About the time their elder child was ready to start college, the Lees ended their 14-year missionary journey and moved back home to the Pee Dee Region in South Carolina. “Bobby” went to Nyack College in New York, an institution with roots as a missionary training school, and one, consequently, that was often attended by missionary kids. But he eventually decided to move home and go to the local public college, a place called Francis Marion.
His mother was a grad. It was close to home.
“It just made sense,” Lee says.
Lee flourished at FMU, graduating with one of the university’s first business degrees. He went to law school at the University of South Carolina. He returned to the Pee Dee area, to Florence, to begin crusading for a variety of clients in a practice that has now stretched to 30 years.

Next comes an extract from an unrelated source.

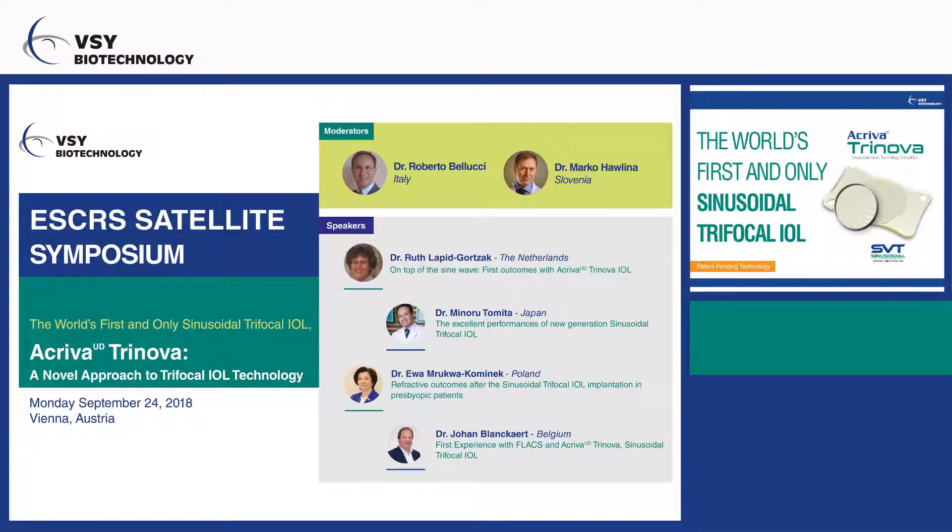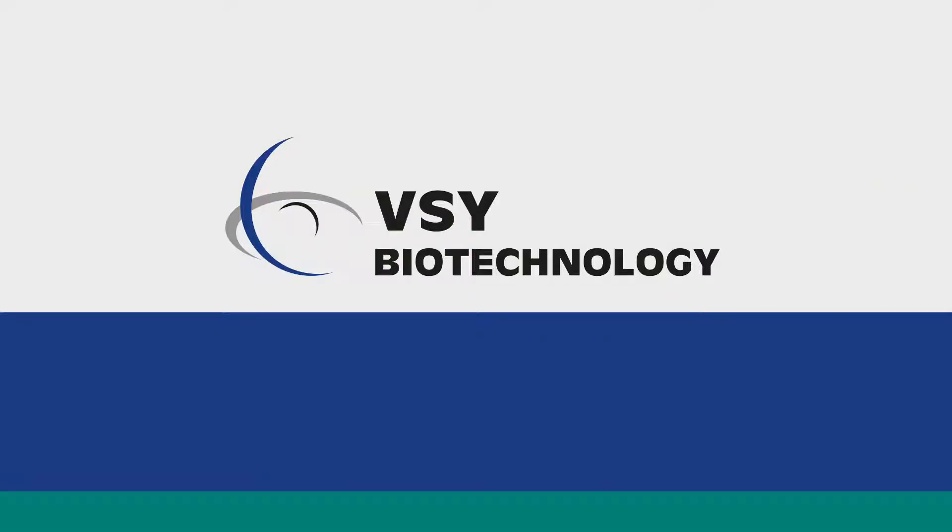Thank you very much. We have to move on. The last talk will be by Dr. Johan Blankert. Thank you.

That was his first calling. His second came in the late 1990s, when he learned his collegiate alma mater was floundering. He began a new career of sorts, crusading this time as a member of the FMU Board of Trustees for the changes needed to get his school fixed. After affecting what was really the one absolutely necessary change – bringing Dr. Fred Carter to FMU as president – he set about doing all he could to support the man he calls “the greatest college president ever.”
“I can still remember the first time (a group of the trustees) went to see (Fred Carter),” says Lee. “There was this little bald-headed guy in his office at the (South Carolina) Budget and Control Board, smoking a pipe. It didn’t take long being around him to see that he was the person we needed. It was apparent the first time he walked into a meeting. You could feel the energy. He already understood all the problems, and was already working on ways to solve them. It’s not an overstatement to say he saved us. I’m just glad to be around him. He made all the hours I’ve put in well worth it.”
Lee says he’s comfortable with his board of trustee work being his legacy. As he learned years ago in Africa, the world is a big place but everyone can find a worthwhile place in it.
“Friends will sometimes ask me, ‘when are you getting off the board?’ They figure it’s a big burden and that I’m always ready to go,” he says. “I tell them ‘no, I’m not going anytime soon if I can help it. What I’m trying to do is to figure out what’s next?’
“I’ve become addicted to ‘what’s next?’ I guess you could say. There’s never an end, a stopping point, at FMU. That’s not the way it works here. As long as there’s one first generation student out there who can be helped, then we’ll be looking for new ways to help them. I want to be a part of that.”